Washington starter Erick Fedde’s pitch efficiency varied
from inning to inning, but he kept the Nats in the game for six innings, giving
up a run in the third in an inning that could have been much worse, and then a
solo homer by Luke Williams (his first of the year) in the fifth.
In the meantime, the home team’s “offense” had runners on
base in each of the first four innings, three of which ended on double plays. Miami
starter Pablo López set the Nats down 1-2-3 in the next two innings. By the end
of the sixth, Washington was not only scoreless, but hitless as well.
The López magic vanished in a hurry after the seventh-inning
stretch – Josh Bell double, Nelson Cruz single, Luís Garcia double. Three
batters later, when it looked like the tying run might be stranded on third base,
Ehire Adrianza sent a fly ball to center that was more than deep enough to
score the slow-footed Cruz. One inning later, Bell powered a no-doubt-about-it
homer to left that gave Washington a 4-3 lead.
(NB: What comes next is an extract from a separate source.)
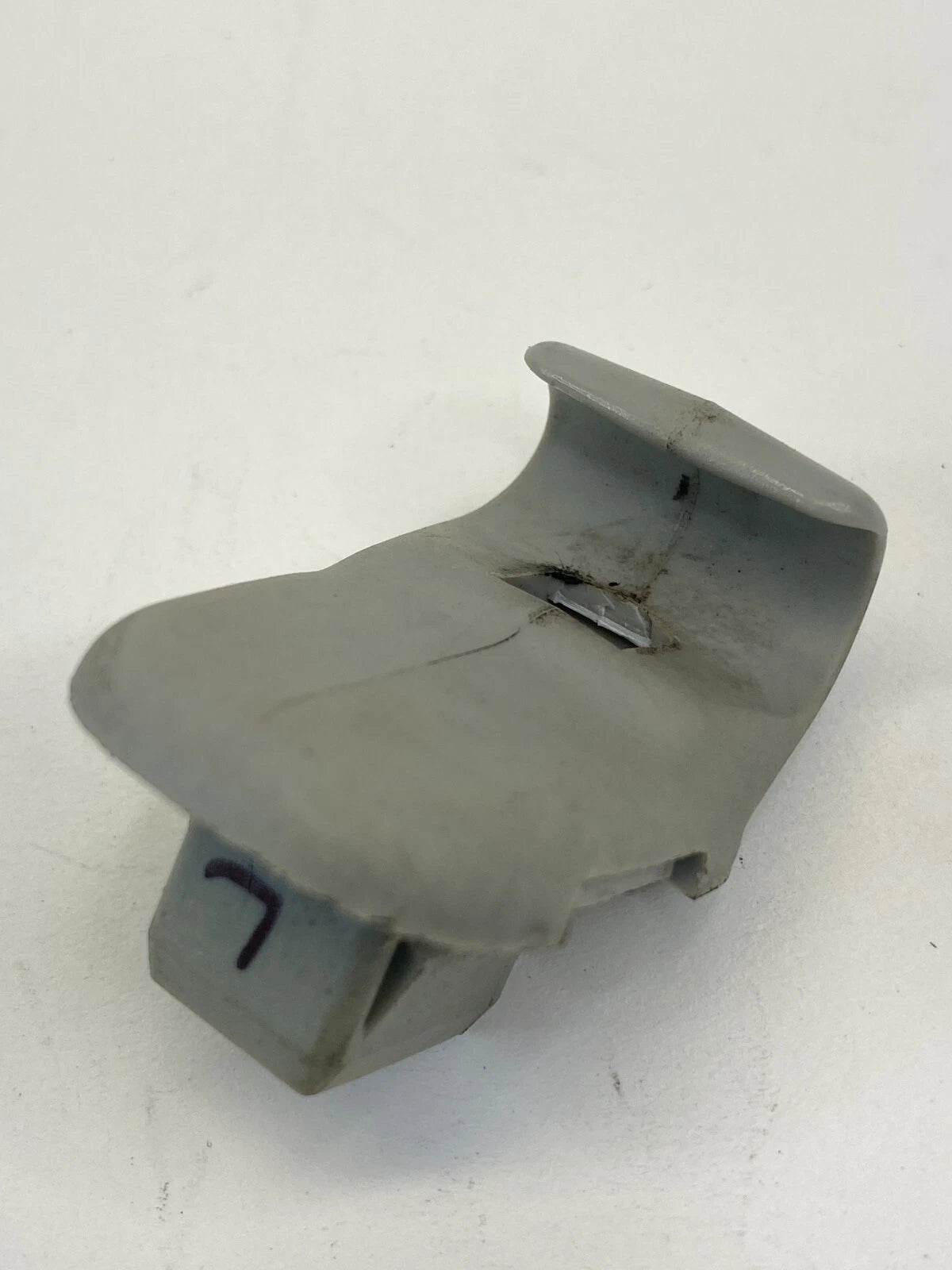 2004-2009 MAZDA 3 FRONT LEFT SUNVISOR SUN VISOR SHADE HOLDER CLIP SUPPORT OEM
Closer Tanner Rainey retired the first two batters in the
top of the ninth, and twice came within a single strike of nailing down the
win. The first time, he wound up walking Avisail Garcia, missing with three
straight sliders after getting ahead 1-2. Jesús Sánchez then hit one out to
right on a misplaced 2-2 fastball, putting Miami back in the lead.
The Nats did tie things back up in the bottom of the ninth,
on a two-out Víctor Robles single following a hit batter, a walk, and a force
play at second. Unfortunately, the visitors kicked off the tenth inning with
four straight singles off the normally-reliable Carl Edwards Jr., and the Nats
were unable to conjure up a final rally.